What’s the origin of photos like that of the “Malachi” fetus? For a 2009 article and photo series for The New York Times, Damien Cave spoke with Monica Migliorino Miller, a professor at Madonna University in Michigan, who claims that “maybe 50 percent of the graphic images of abortion victims that you’ll find online are probably my photography.” Like Nilsson, Migliorino Miller unveils the invisible, but rather than use advanced technological equipment, she digs through medical facility trash. In 1988 alone, Migliorino Miller and her husband illegally retrieved thousands of fetuses from the loading dock of a facility in Chicago where they had been shipped from clinics across the nation. Cave writes:

Mrs. Migliorino Miller said the boxes filled spare rooms in her apartment and others for nearly a year. “We didn’t feel we could put them in storage,” she said. In 1988, Cardinal Joseph Bernardin, archbishop of Chicago, presided over a funeral for around 2,000 of the fetuses. Activists buried many others.

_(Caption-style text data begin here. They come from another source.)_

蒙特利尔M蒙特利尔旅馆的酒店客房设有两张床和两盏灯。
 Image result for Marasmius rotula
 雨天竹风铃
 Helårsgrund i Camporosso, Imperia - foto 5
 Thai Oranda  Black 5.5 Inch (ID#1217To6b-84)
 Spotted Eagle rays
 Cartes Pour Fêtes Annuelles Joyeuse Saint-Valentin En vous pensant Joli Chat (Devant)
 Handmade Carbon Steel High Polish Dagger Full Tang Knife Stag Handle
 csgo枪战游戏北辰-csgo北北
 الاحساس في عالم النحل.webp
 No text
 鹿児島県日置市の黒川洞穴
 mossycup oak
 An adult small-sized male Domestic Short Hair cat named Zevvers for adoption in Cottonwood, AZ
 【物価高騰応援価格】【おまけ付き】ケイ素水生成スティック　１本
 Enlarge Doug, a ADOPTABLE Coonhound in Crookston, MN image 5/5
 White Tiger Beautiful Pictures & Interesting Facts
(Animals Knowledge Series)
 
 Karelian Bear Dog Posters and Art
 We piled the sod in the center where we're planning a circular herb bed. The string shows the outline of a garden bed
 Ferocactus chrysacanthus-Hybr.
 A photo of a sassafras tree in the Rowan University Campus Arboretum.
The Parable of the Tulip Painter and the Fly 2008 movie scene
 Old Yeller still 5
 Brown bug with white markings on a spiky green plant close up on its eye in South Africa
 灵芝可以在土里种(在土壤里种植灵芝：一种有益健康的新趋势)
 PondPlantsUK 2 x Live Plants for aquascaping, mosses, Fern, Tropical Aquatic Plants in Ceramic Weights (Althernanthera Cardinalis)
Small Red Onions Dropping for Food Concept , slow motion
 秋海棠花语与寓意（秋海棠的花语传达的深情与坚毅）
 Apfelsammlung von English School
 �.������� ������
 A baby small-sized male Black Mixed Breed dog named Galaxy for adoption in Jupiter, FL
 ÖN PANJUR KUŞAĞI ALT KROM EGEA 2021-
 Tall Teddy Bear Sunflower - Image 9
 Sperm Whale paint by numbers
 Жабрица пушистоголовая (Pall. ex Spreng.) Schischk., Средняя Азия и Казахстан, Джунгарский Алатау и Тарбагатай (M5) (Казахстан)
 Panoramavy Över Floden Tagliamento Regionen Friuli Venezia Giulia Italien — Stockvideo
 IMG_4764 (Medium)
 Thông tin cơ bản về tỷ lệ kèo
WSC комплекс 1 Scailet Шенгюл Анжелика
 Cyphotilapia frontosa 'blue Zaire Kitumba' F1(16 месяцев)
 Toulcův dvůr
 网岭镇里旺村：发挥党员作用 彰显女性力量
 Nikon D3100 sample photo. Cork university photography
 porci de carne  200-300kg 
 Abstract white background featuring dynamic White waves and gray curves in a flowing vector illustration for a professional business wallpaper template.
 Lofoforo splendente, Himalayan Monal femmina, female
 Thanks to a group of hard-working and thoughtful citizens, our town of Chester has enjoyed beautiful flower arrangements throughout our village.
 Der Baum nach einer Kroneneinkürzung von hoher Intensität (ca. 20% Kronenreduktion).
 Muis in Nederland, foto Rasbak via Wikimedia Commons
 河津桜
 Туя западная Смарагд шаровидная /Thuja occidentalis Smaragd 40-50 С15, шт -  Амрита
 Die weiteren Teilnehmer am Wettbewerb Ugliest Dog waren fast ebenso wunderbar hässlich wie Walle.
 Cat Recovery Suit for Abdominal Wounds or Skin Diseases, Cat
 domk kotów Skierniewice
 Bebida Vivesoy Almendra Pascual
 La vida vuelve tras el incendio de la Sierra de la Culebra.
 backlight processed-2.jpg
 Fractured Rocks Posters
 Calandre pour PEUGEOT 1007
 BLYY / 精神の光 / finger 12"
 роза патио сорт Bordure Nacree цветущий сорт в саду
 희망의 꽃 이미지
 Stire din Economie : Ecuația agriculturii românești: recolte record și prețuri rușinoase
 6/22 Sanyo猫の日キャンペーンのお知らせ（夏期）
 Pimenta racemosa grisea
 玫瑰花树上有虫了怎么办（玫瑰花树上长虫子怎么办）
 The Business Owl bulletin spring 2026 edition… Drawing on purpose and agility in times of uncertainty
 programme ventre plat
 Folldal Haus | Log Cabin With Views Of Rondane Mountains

Migliorino Miller “felt it was really important to make a record of the reality of abortion,” she told Cave. Although the “Malachi” photo was misleadingly taken of a fetus that had been kept in a freezer for at least a month and reassembled by a willing OBGYN—and was not taken by her—Migliorino Miller defends the photo because it shows “the humanity” of the fetus, she said. And yet, over the years, she has become more cautious about her own work, attempting to adhere to less misleading tactics (perhaps because of blowback and charges of inaccuracy from abortion supporters?). She avoids graphic images now and photographs younger fetuses because most abortions take place early in pregnancy (more than 80% of abortions occur before ten weeks, yet most images show late-term fetuses).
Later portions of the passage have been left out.